L'excision chez les immigrantes québécoises
Bilkis Vissandjée veut proposer des solutions
de rechange.
On estime à 130
millions le nombre de femmes excisées dans le monde. Chaque
année, deux millions de fillettes âgées de
4 à 12 ans subissent le même sort.
Cette pratique, particulièrement répandue dans les
pays musulmans d'Afrique, a atteint les pays occidentaux. Même
s'il existe peu de données sur l'état de la question
au Canada, les intervenants sociaux considèrent que l'excision
n'est pas rare chez les jeunes filles de familles originaires
de pays où cette pratique fait partie de la tradition.
Bilkis Vissandjée, professeure à la Faculté
des sciences infirmières, vient d'obtenir une importante
subvention de 126 000 $, dans le cadre du Programme national de
recherche en développement de la santé de Santé
et Bien-être Canada, afin d'étudier la question et
d'intervenir auprès des femmes immigrantes du Québec.

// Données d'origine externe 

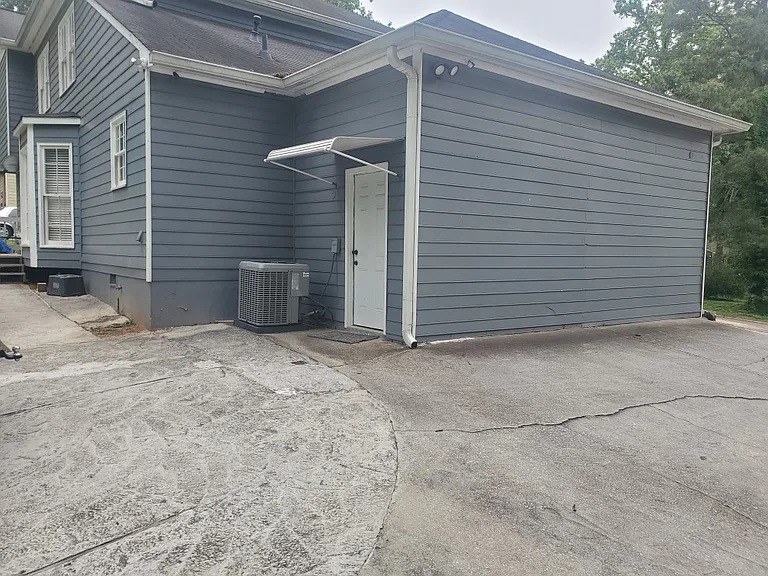 5711 Tunbridge Wells Rd — Photo 3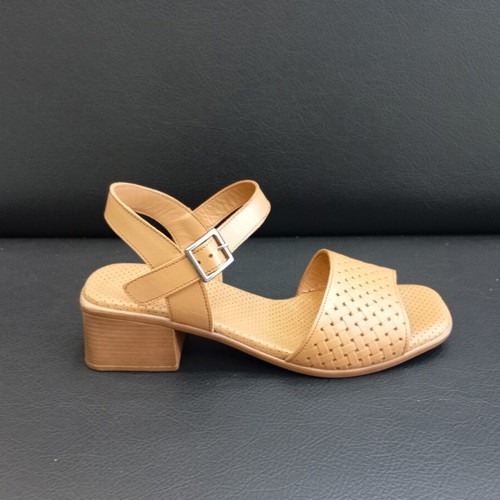Leather sandals with low heel and soft leather sole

Le financement porte sur deux ans et la chercheuse pourra, au
cours de la première année, se consacrer entièrement
à ce travail grâce à la bourse de recherche
Thérèse F.-Casgrain, du CRSH, qui lui permet de
se dégager des tâches d'enseignement.
Respecter les valeurs
Mme Vissandjée a déjà travaillé dans
les pays musulmans d'Afrique, notamment au Bénin, où
elle a participé à des projets visant l'intégration
des femmes dans le développement social et économique.
Mais c'est ici même, en tant qu'intervenante en santé
auprès de femmes immigrantes, au CLSC Côte-des-Neiges,
qu'elle a commencé à se préoccuper du problème
de l'excision.
«L'objectif de la recherche est de cerner les attitudes,
les croyances et les valeurs des jeunes femmes immigrantes relativement
à la pratique des mutilations génitales, explique-t-elle.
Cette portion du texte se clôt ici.